Probabilmente se l’avesse amato, fisicamente amato, di Marta Abba nella memoria collettiva non ci sarebbe traccia. Anche se è probabile che abbia rimpianto di non averlo amato. Di sicuro, dopo la morte del Maestro, si convinse che l’amore disperato al quale non aveva creduto e ceduto era invece fatto di poesia e di verità. Perdeva così tutte le sue sicurezze di donna e infatti, senza Pirandello, perse anche la grandezza di attrice. Ogni tentativo di tornare in teatro divenne patetico e, ridotta su una sedia a rotelle all’età di 86 anni, si esibì per l’ultima volta su un palcoscenico leggendo brani scelti di quelle lettere, vendendo dunque come amore le febbri divoranti e le crisi di follia erotica che saggiamente aveva respinto.

Ma avrebbe potuto amarlo? Solo se non fosse stata così perfettamente italiana, figlia di un commerciante milanese tanto prudente e abile nel coltivare il reddito quanto sprezzante per le bizzarrie del genio, diffidente verso quel vecchio tormentato che “impegnava” sua figlia, e insofferente per qualsiasi forma di pirandellismo. Solo se non fosse stata la perfetta borghese italiana, educata a non darsi se non per amore, a non cadere nelle trappole del maschio, a riconoscerne gli eccessi retorici e dunque a diffidare di tutto quell’armamentario dello strazio che in realtà nega l’amo re proprio mentre lo grida: «Tutta la mia vita sei tu», «senza di te, Marta mia, sento che muojo».

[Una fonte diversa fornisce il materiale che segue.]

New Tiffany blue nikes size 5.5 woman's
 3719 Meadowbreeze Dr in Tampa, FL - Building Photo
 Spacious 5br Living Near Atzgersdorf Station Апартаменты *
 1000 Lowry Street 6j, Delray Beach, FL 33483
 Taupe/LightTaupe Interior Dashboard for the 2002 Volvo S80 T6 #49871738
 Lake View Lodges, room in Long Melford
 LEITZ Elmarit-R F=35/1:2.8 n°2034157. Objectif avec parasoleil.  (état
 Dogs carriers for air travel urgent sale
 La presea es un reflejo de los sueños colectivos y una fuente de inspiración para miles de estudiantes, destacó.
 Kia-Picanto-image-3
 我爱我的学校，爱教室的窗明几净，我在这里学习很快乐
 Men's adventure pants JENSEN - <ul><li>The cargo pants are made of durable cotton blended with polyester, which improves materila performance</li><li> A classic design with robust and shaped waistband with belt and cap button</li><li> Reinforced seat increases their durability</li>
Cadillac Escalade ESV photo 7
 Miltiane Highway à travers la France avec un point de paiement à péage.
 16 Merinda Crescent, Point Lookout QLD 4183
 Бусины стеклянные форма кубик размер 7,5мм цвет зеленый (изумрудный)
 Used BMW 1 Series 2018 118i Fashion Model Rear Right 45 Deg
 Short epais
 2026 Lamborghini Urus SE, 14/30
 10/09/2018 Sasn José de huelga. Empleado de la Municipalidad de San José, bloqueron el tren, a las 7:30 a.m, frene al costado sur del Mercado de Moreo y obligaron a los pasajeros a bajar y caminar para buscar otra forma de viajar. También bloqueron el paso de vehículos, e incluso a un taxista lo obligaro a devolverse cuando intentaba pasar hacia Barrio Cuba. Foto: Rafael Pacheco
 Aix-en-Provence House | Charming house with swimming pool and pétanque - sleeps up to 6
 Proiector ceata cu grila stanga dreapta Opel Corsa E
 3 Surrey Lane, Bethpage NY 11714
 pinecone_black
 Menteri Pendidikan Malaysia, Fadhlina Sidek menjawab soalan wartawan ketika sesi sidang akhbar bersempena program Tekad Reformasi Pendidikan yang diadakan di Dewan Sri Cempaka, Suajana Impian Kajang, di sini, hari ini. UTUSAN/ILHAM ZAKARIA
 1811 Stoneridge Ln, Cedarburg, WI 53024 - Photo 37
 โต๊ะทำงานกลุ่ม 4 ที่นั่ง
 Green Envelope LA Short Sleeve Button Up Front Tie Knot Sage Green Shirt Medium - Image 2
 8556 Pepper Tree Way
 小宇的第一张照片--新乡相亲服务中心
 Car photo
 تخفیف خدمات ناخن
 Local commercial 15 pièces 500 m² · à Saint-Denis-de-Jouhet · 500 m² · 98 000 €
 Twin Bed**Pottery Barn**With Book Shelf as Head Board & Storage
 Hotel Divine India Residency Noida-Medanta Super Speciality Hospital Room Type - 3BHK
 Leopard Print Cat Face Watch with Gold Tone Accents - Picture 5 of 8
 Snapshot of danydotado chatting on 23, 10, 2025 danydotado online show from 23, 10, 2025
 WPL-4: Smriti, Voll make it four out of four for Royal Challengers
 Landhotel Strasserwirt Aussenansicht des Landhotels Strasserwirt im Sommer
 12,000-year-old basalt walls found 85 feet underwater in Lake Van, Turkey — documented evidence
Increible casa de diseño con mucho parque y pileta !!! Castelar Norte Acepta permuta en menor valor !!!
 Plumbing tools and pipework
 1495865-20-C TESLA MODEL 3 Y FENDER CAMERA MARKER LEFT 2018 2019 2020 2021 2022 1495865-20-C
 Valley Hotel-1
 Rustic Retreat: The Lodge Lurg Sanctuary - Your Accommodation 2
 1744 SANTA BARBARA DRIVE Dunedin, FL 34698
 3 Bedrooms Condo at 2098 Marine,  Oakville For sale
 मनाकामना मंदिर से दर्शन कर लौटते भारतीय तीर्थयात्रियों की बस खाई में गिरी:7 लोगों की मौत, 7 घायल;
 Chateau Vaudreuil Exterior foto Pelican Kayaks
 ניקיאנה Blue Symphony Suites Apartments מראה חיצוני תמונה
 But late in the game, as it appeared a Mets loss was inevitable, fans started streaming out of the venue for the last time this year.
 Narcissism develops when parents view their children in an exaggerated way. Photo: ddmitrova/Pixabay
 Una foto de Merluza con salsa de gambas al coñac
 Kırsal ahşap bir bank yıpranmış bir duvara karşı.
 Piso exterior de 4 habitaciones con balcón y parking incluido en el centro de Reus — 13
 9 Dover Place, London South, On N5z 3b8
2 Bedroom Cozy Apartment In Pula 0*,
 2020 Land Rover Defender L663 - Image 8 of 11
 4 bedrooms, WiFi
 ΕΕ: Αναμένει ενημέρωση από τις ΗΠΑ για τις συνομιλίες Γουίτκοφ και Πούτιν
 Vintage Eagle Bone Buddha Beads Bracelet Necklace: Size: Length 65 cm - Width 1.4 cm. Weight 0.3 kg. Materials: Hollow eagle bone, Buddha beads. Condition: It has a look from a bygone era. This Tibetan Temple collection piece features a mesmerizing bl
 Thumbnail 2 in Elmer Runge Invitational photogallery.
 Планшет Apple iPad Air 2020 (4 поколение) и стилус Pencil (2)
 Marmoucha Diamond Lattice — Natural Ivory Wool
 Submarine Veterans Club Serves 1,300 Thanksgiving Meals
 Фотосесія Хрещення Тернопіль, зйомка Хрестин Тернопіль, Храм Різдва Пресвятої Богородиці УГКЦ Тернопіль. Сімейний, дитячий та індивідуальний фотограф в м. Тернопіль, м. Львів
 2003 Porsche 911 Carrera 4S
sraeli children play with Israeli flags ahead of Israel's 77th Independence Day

Ecco come Luigi Capuana descrisse Pirandello: «Biondo, con barbetta da Nazareno, capelli un po’ lunghi e, spinti all’indietro sotto un cappello da castoro a larghe tese, aveva nella svelta, signorile persona e nella espressione del viso quasi pallido, qualche cosa che non faceva indovinare in lui un siciliano». Ebbene, se non fosse stata la donna italiana che va al sodo e si nega al sesso, Marta Abba avrebbe riso del vecchio ma affascinante Pirandello, del suo sguardo spiritato e della sua magniloquenza, del suo presunto moralismo e della sua pretesa castità etica. E una bella sera d’agosto, ironica e seducente come negli anni Trenta furono appunto le dive di Hollywood sue contemporanee, avrebbe “preso” il suo inagrissimo Maestro; come in uno spot della Campari gli avrebbe fatto saltare con due dita il cappello da castoro a larghe tese, e tutto sarebbe finito lì, in una di quelle due camere comunicanti che negli alberghi l’attrice divideva con lui.